The Huffington Post published a blog this past weekend comparing the H-1B system to the popular TV show Survivor. While the liberal news outlet notes that the system is a confusing free-for-all in the jungle of government regulation, their solutions make less sense. Suggesting the Federal government repeal all time restrictions on H-1B visas, create an expedited path to permanent residency and increase the overall number of guest workers will only augment the problems caused by this program.
In similar fashion, PBS News Hour gave Yale professor Vikram Mansharamani a platform to call for an increase in H-1B workers to ward off an impending demographic crisis of old people. However, he fails to note that these same guest workers often displace older veterans of the trade in order to lower costs. In addition to displacing seasoned American workers, it promotes demographic discrimination. In 2015, the top eight H-1B employers exclusively favored workers from India, who amounted to more than 97 percent of their total guest worker hires.

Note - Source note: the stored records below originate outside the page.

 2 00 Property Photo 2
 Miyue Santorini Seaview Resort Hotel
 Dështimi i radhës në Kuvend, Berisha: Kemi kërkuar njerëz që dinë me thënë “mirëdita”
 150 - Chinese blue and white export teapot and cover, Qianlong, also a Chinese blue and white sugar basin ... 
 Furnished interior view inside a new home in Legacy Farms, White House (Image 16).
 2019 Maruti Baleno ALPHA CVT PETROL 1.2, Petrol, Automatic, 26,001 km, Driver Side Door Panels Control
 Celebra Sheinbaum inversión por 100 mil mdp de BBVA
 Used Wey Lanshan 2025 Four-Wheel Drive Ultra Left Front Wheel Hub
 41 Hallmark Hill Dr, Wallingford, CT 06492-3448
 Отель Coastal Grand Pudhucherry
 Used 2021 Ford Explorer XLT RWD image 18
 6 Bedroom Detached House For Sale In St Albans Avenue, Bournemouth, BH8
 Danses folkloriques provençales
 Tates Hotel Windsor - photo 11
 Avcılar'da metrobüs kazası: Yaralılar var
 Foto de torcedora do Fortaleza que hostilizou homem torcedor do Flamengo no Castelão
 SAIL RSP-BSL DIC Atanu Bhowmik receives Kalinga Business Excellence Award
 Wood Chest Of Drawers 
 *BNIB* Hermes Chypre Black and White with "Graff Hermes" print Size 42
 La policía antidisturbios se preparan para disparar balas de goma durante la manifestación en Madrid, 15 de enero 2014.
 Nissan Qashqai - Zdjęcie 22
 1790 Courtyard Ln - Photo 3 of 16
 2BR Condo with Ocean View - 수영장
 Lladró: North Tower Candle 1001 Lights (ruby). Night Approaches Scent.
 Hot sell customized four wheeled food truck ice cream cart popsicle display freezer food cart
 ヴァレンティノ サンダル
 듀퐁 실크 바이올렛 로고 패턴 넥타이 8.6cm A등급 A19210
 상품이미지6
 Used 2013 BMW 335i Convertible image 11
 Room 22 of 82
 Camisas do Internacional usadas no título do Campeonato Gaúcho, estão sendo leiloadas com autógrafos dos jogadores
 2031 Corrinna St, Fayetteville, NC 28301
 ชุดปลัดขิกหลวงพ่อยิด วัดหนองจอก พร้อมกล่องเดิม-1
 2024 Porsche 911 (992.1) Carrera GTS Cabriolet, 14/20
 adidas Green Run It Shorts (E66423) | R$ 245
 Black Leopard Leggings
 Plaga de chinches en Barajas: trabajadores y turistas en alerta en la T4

Neither outlet could be bothered with covering the problems these programs pose for American workers. In 2015, Leo Perrero, an IT professional at Walt Disney World, was among hundreds of capable and qualified workers told they were losing their jobs to the H-1B program. Making this devastating news even harder to bear, they were forced to either train the new foreign replacements who were replacing them in three months or leave the company immediately and risk their severance packages. “That day, 20 years of hard work, a bachelor’s degree in Information Technology, and an IT job for Disney were all over when my team, along with hundreds of others, were displaced by a less-skilled foreign work force imported into our country using the H-1B visa program,” Perrero lamented during a February appearance before the Senate Judiciary Subcommittee on Immigration and the National Interest. He went on to warn that “This situation at Disney is not an anomaly. This same abuse of the H-1B program is happening nationwide.” (Read FAIR’s analysis of the replacement crisis here)
Media outlets and lawmakers also refuse to consider safeguards against corporate abuse of the H-1B systems. In December of 2015, immigration reform proponents Senators Jeff Sessions (R-Ala.) and Ted Cruz (R-Texas) introduced legislation that would require companies to pay H-1B workers the same as American who do similar work, or at least $110,000 per year. Since proponents of an increase in the annual number of guest workers claim many industries are experiencing a personnel shortage, not trying to lower costs through underpayment, it should make sense that they would be willing to pay the American market price for such labor. But the silence and immediate stalling of the bill suggest the media holds other motives.
For thousands of Americans, especially in the IT industry, fixing the broken H-1B system is critical to sustaining their livelihoods. Meanwhile, the mainstream media have correctly identified that the guest worker program has a problem; they just refuse to acknowledge the root of the problem or what must be done to remedy it. Until they do, it remains difficult to protect the jobs of hardworking Americans who are at risk of being replaced by cheap foreign labor.